Captioned web images:

-- Opening Marker --

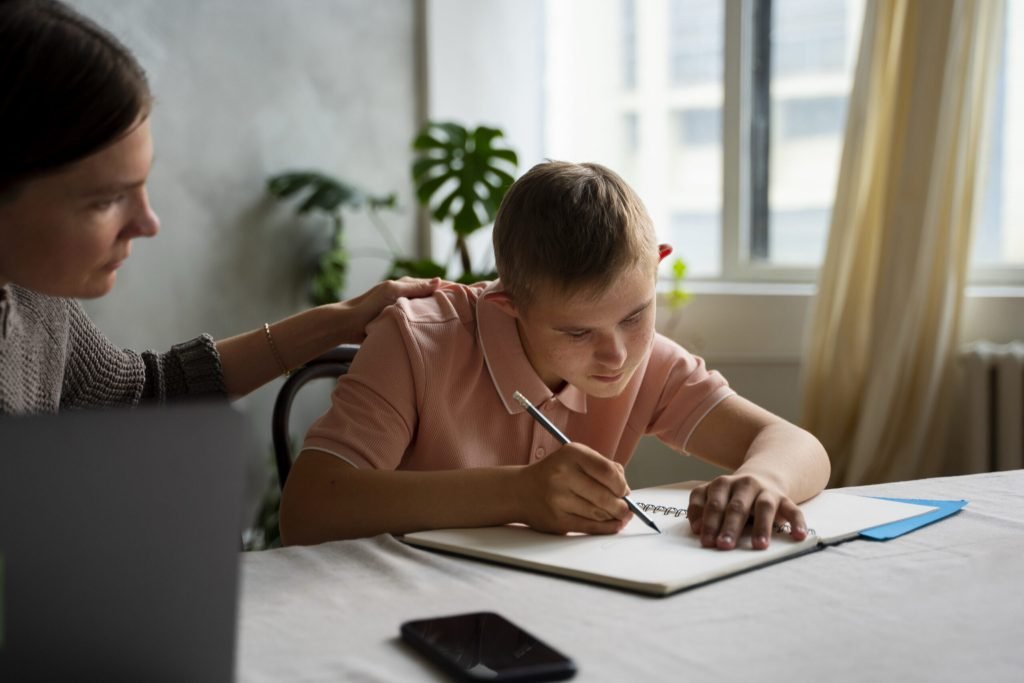 Side view boy woman with laptop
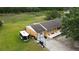 Aerial view of a home showcasing a spacious backyard, a stone patio, and an attached garage at 3713 N Econlockhatchee Trl, Orlando, FL 32817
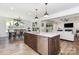 Open-concept kitchen with a large island, granite countertops, stainless steel appliances, and hardwood floors at 482 Lucky Nw Dr, Concord, NC 28027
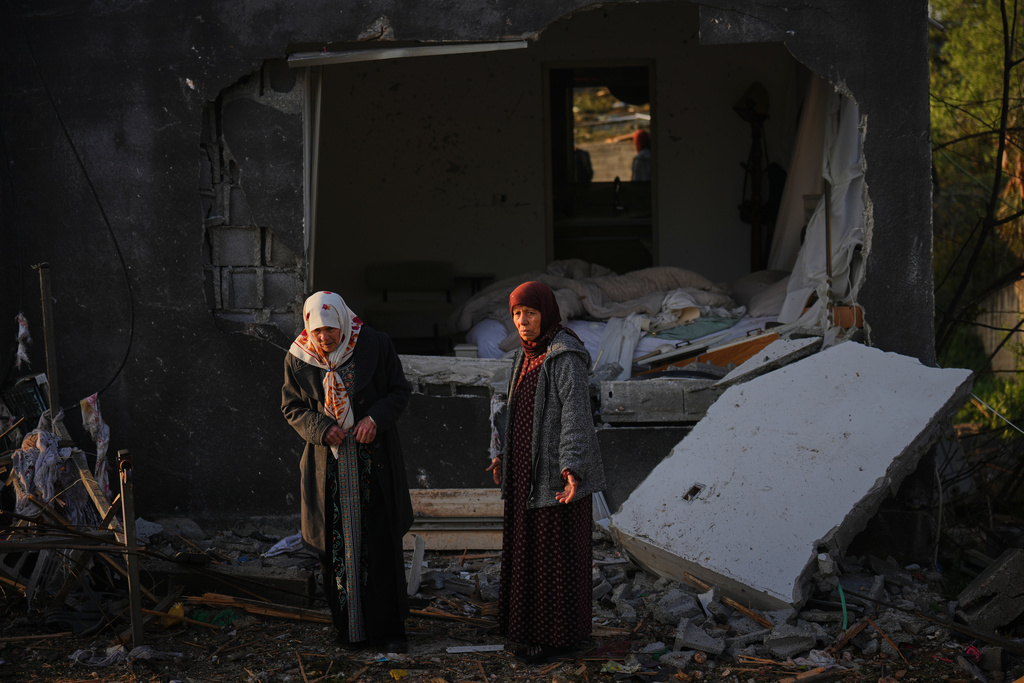 Residents inspect a house destroyed by an Iranian missile strike in Zarzir, northern Israel, Friday, March 13, 2026. (AP Photo/Ariel Schalit)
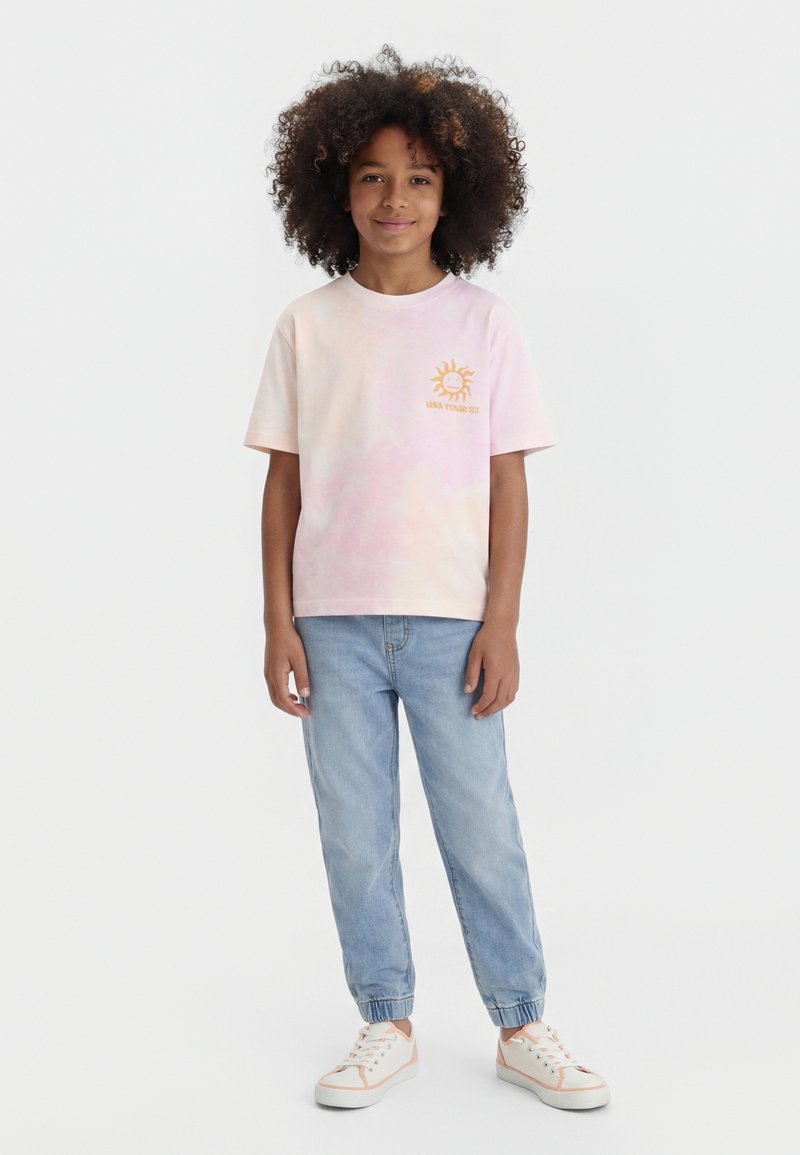 Dijete kovrčave kose koje nosi svijetloružičastu tie-dye majicu sa suncem, svijetloplave traperice jogger kroja i bijele tenisice s ružičastim detaljima.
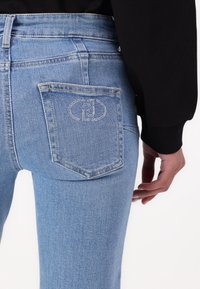Jeans de denim azul claro con un diseño ajustado, que cuentan con un bolsillo trasero marcado por un logo decorativo hecho de pequeños studs.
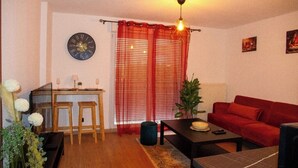 Una sala de estar con un sofá rojo, una mesa de centro de madera, una mesa de comedor con sillas, un reloj en la pared y una cortina roja.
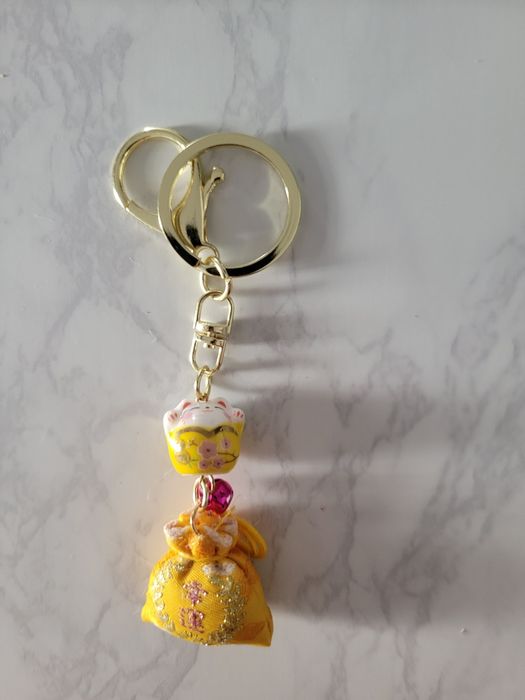 Porta chaves dourado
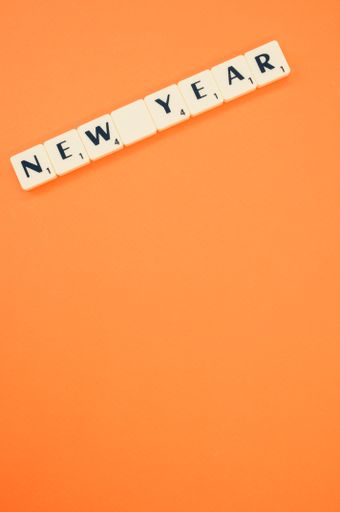 A vertical shot of "New Year" made of white tiles on orange background for a copy space
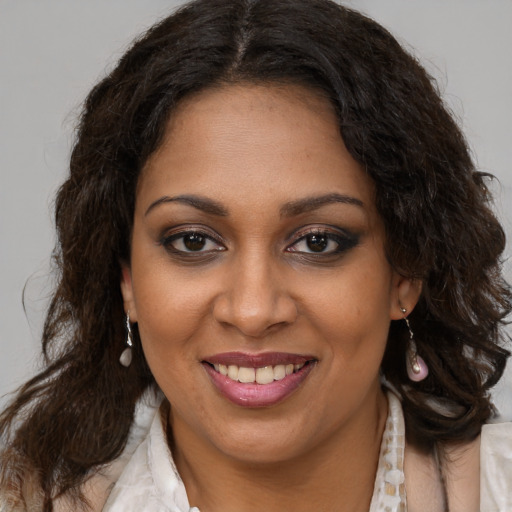 Joyful black young-adult female with medium  brown hair and brown eyes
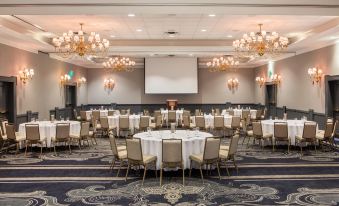 a large conference room with multiple tables and chairs , a projector screen , and chandeliers hanging from the ceiling at The Equinox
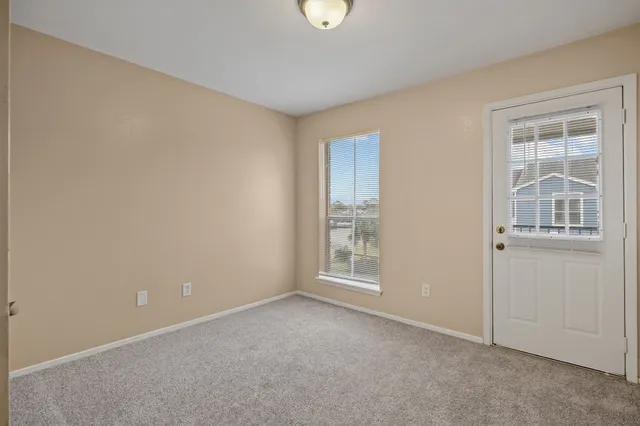 a view of empty room with windows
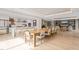 Open-concept living space with a dining table, kitchen island, and contemporary design at 214 Hunt St # 701, Durham, NC 27701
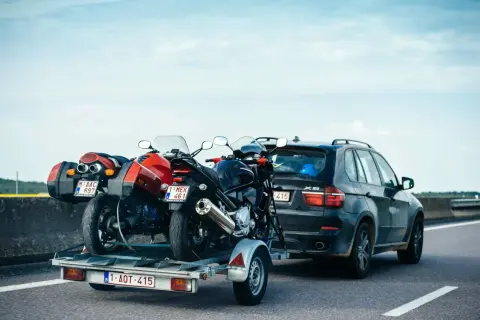 Deux motos sur une remorque tirée par une voiture sur l'autoroute. Le transport de ces véhicules nécessite un permis adéquat pour la catégorie de véhicule tracté.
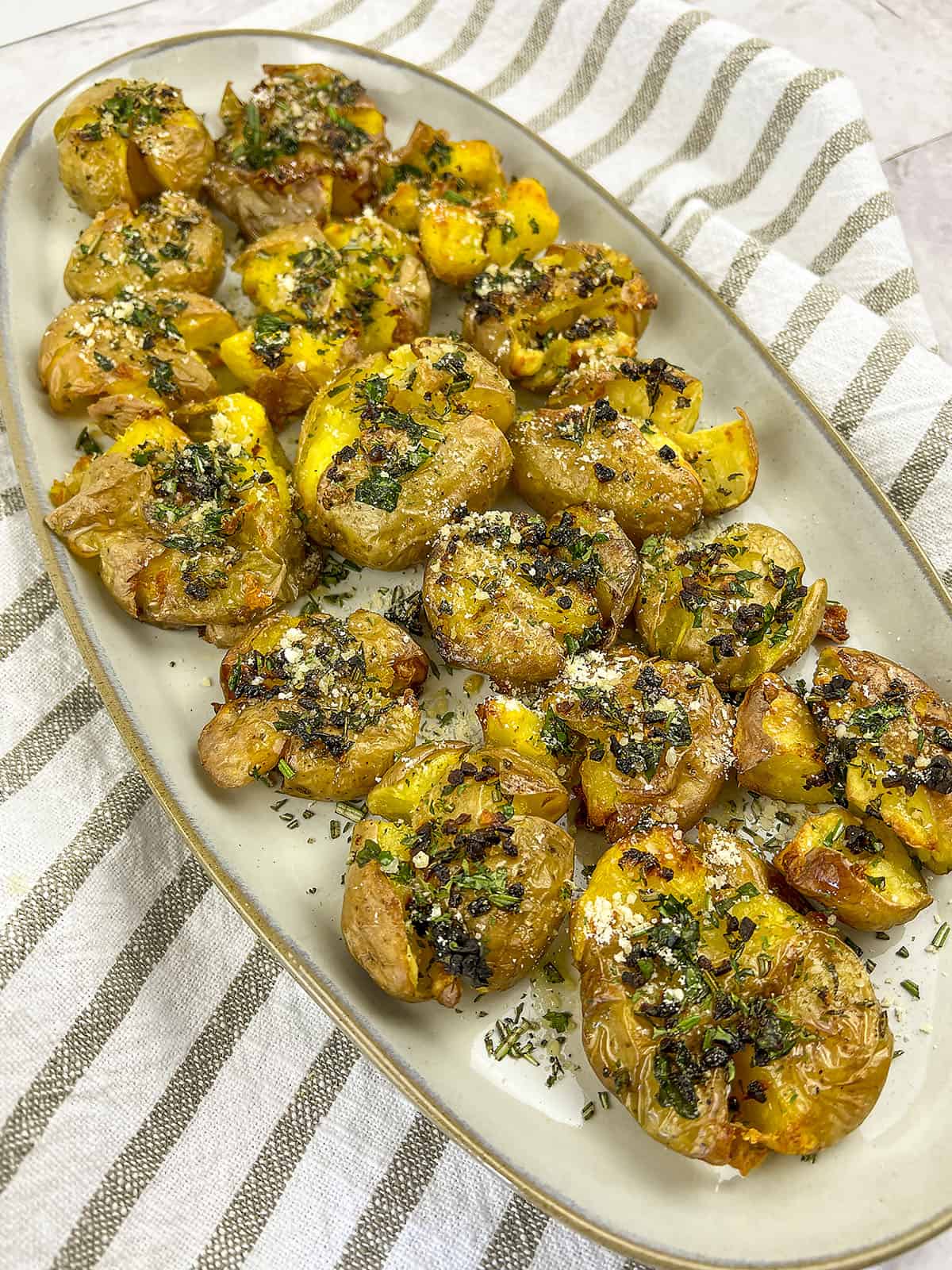 Smashed air fryer new potatoes, garnished in fresh herbs, butter, and parmesan cheese. 
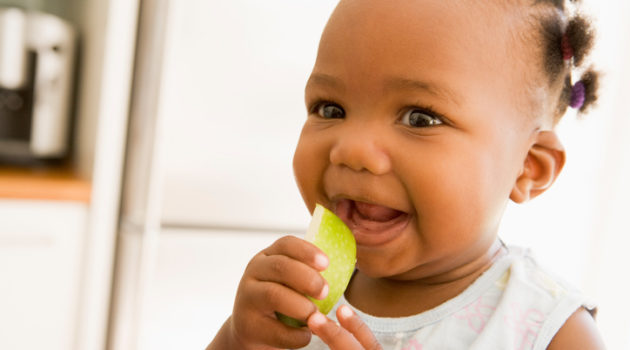 African American baby girl eating apple slice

-- Closing Marker --

## [What you should do]
Omit the pictures. Print, word for word, the lines from the beginning of the entries above through the line that holds "Jeans de denim".

## [Answer space]
 Side view boy woman with laptop
 Aerial view of a home showcasing a spacious backyard, a stone patio, and an attached garage at 3713 N Econlockhatchee Trl, Orlando, FL 32817
 Open-concept kitchen with a large island, granite countertops, stainless steel appliances, and hardwood floors at 482 Lucky Nw Dr, Concord, NC 28027
 Residents inspect a house destroyed by an Iranian missile strike in Zarzir, northern Israel, Friday, March 13, 2026. (AP Photo/Ariel Schalit)
 Dijete kovrčave kose koje nosi svijetloružičastu tie-dye majicu sa suncem, svijetloplave traperice jogger kroja i bijele tenisice s ružičastim detaljima.
Jeans de denim azul claro con un diseño ajustado, que cuentan con un bolsillo trasero marcado por un logo decorativo hecho de pequeños studs.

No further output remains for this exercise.